● **PROBLEM TO WORK ON**: Give back exactly the lines from the one holding "Mizuno Neo Black" to the bottom of the material, both included, and nothing more. No pictures.
[Opening DATA PROVIDED section]
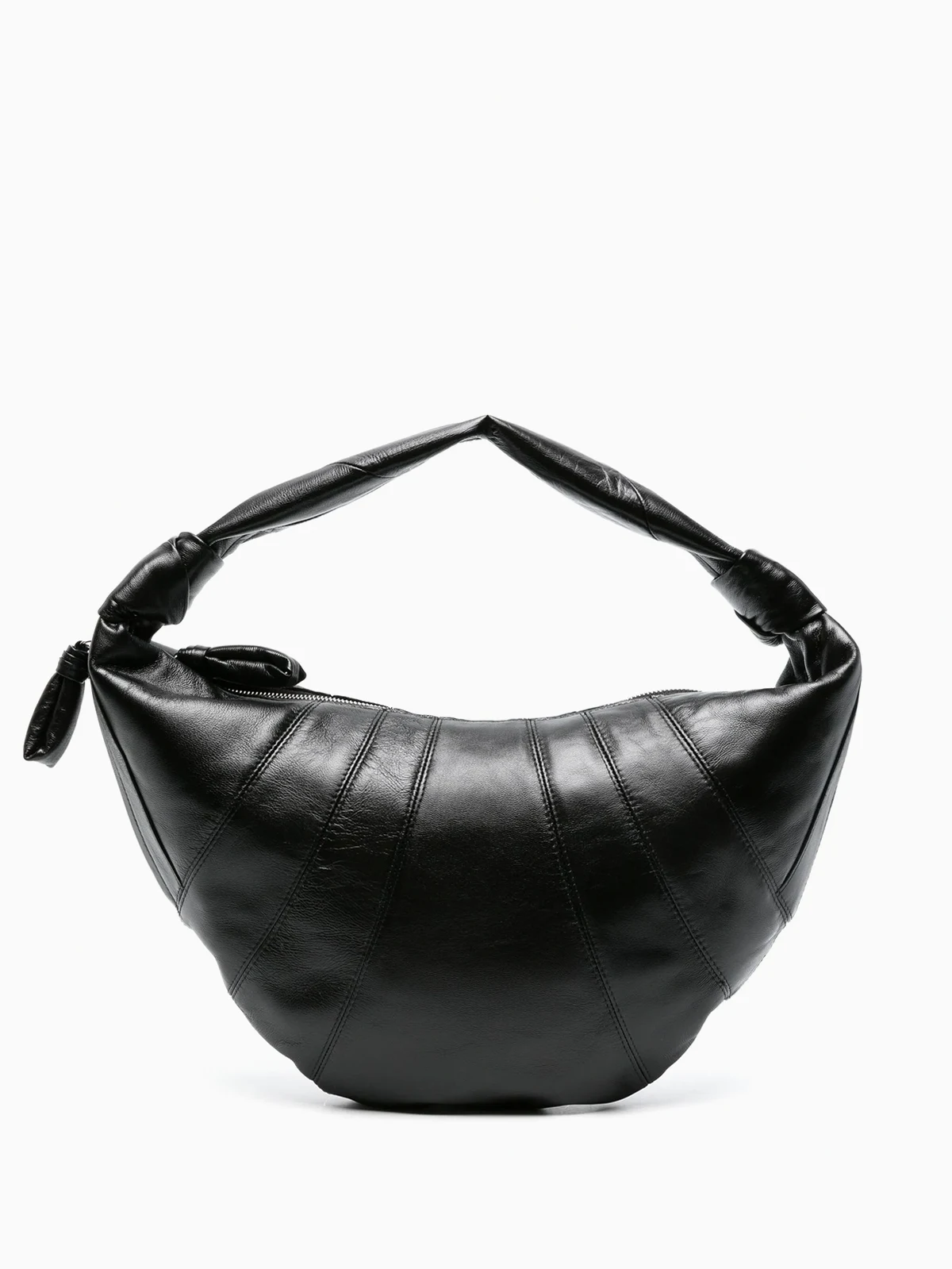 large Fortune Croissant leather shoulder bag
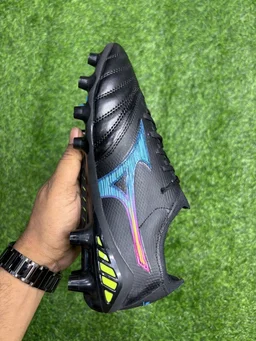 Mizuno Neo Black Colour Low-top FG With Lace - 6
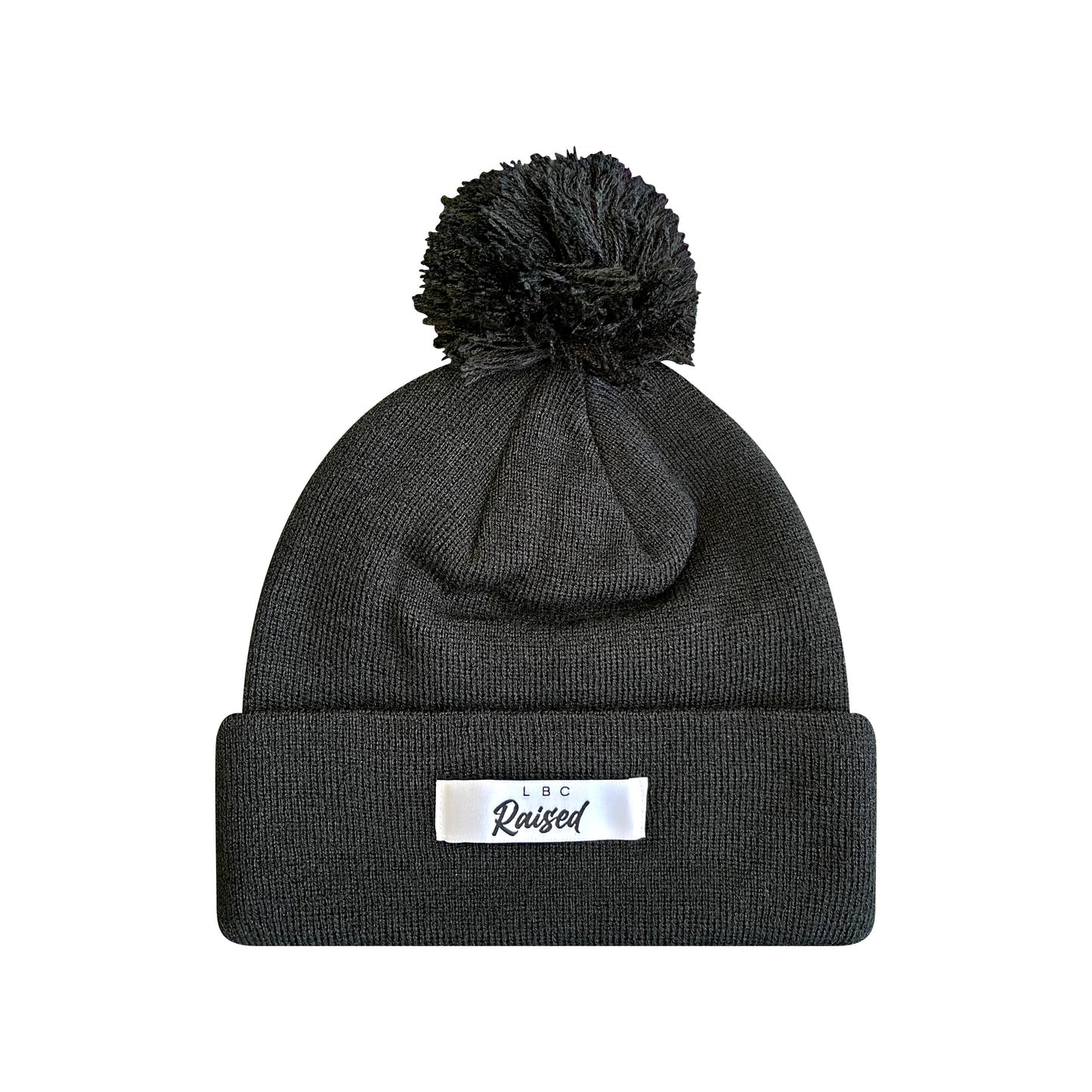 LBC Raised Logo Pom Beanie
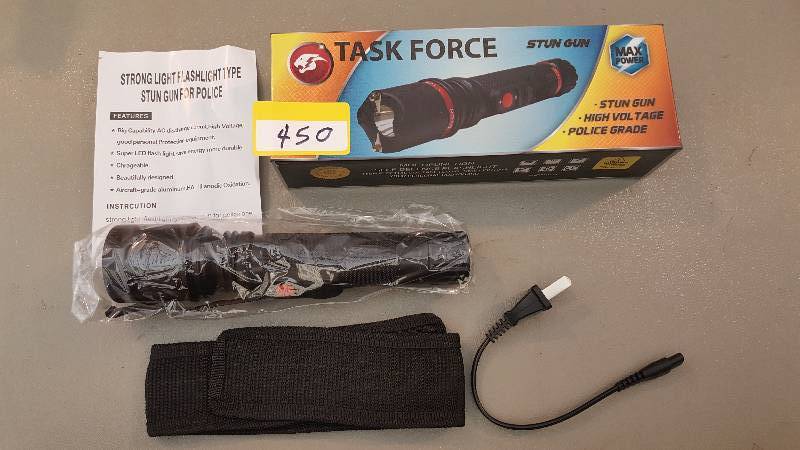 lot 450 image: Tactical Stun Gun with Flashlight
[Closing DATA PROVIDED section]
● **TASK ANSWER**:
 Mizuno Neo Black Colour Low-top FG With Lace - 6
 LBC Raised Logo Pom Beanie
 lot 450 image: Tactical Stun Gun with Flashlight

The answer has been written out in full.